■ **INSTRUCTIONS TO FOLLOW**
Exactly the lines below starting at the line with "Irsko - Lonely Planet - Tom Downs" and ending at the line with "Czas Żniw The" are wanted, with both ends included. Leave out the pictures and add no other lines.

■ **DATA PROVIDED**
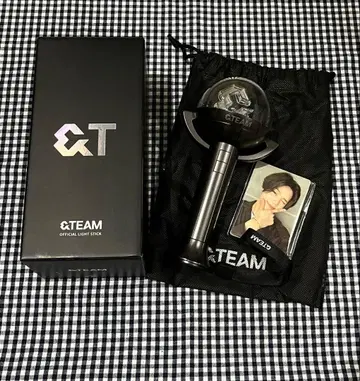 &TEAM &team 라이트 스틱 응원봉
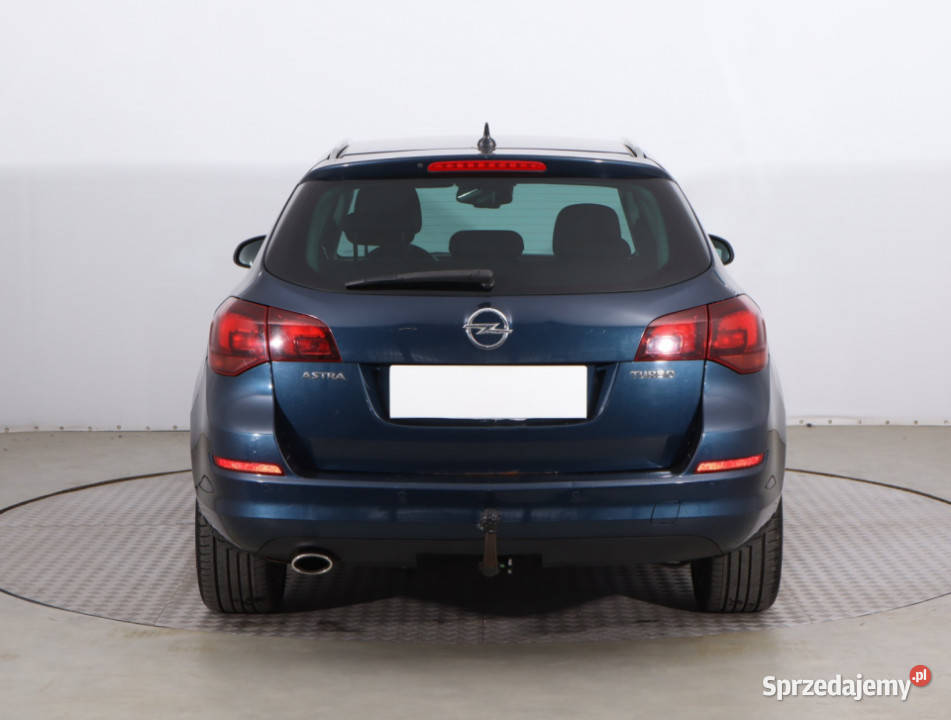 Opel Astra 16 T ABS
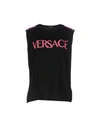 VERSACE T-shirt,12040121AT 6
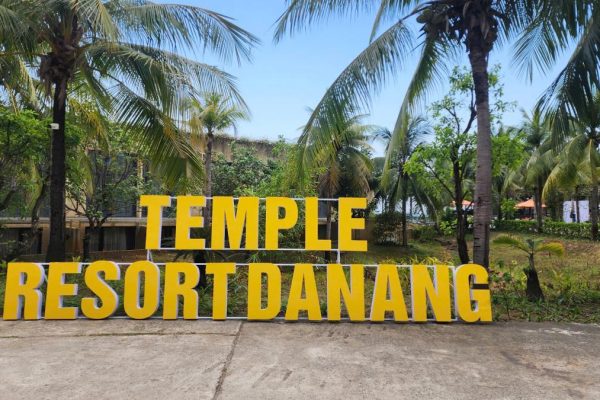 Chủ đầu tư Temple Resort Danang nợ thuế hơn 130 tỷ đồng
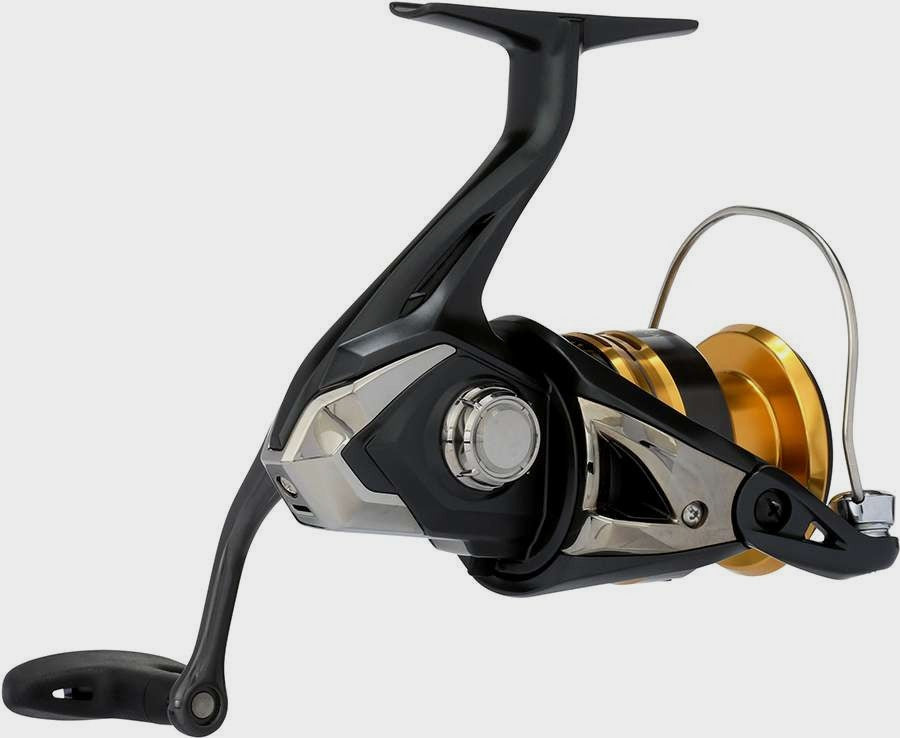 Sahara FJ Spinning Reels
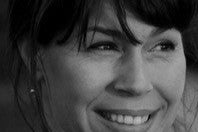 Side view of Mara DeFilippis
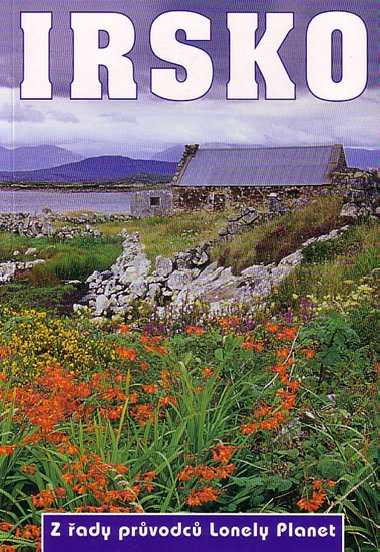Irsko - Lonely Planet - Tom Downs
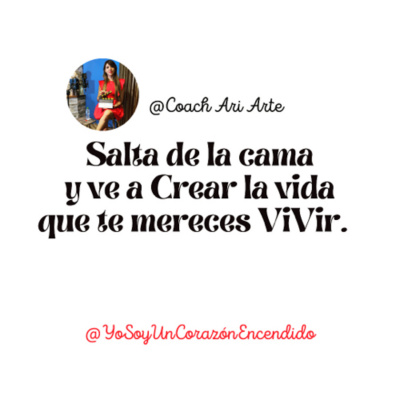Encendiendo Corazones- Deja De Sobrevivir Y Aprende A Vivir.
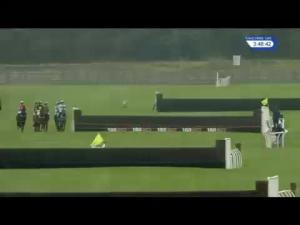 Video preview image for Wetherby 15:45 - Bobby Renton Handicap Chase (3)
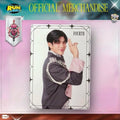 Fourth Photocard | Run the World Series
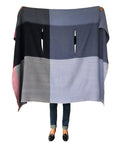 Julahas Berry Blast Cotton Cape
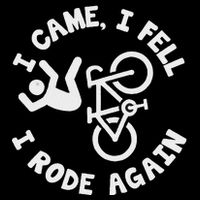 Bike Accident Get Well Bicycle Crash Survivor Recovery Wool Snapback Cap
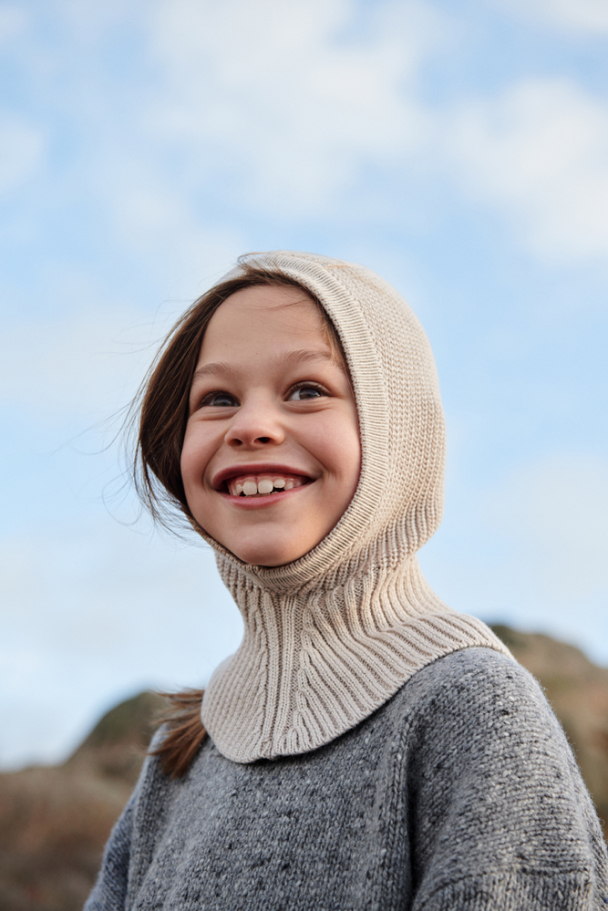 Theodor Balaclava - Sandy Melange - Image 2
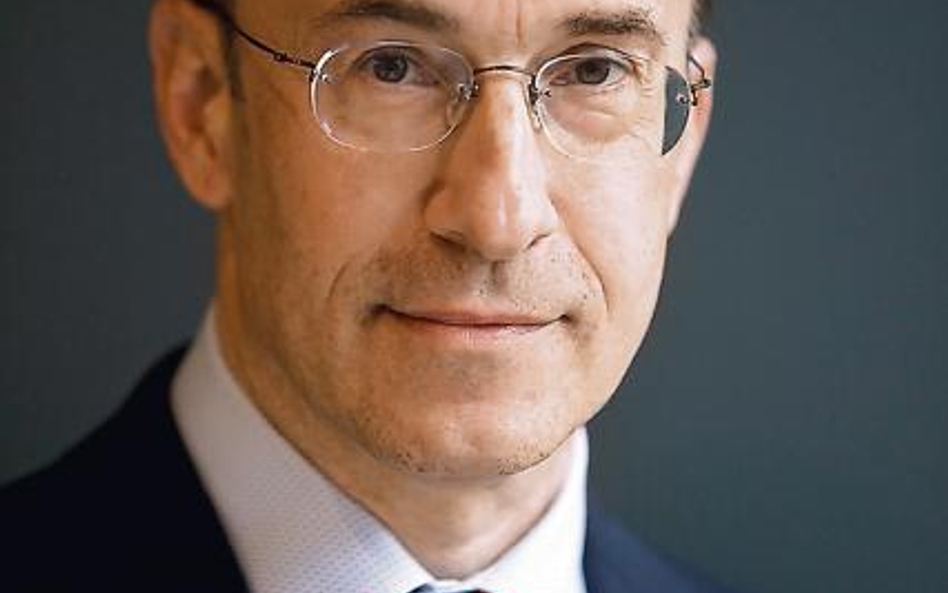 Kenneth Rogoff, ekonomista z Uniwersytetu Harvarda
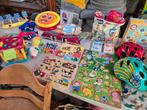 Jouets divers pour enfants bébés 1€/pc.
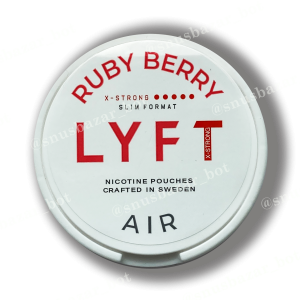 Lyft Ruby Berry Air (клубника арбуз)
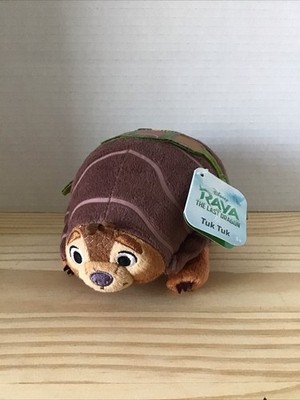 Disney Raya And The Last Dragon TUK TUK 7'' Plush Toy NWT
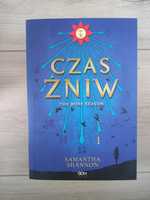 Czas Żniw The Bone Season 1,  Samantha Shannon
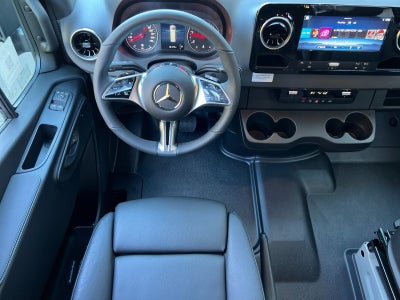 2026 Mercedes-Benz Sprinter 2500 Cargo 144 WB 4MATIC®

■ **ANSWER TO THIS EXERCISE**
Irsko - Lonely Planet - Tom Downs
Encendiendo Corazones- Deja De Sobrevivir Y Aprende A Vivir.
 Video preview image for Wetherby 15:45 - Bobby Renton Handicap Chase (3)
 Fourth Photocard | Run the World Series
 Julahas Berry Blast Cotton Cape
 Bike Accident Get Well Bicycle Crash Survivor Recovery Wool Snapback Cap
 Theodor Balaclava - Sandy Melange - Image 2
 Kenneth Rogoff, ekonomista z Uniwersytetu Harvarda
 Jouets divers pour enfants bébés 1€/pc.
 Lyft Ruby Berry Air (клубника арбуз)
 Disney Raya And The Last Dragon TUK TUK 7'' Plush Toy NWT
 Czas Żniw The Bone Season 1,  Samantha Shannon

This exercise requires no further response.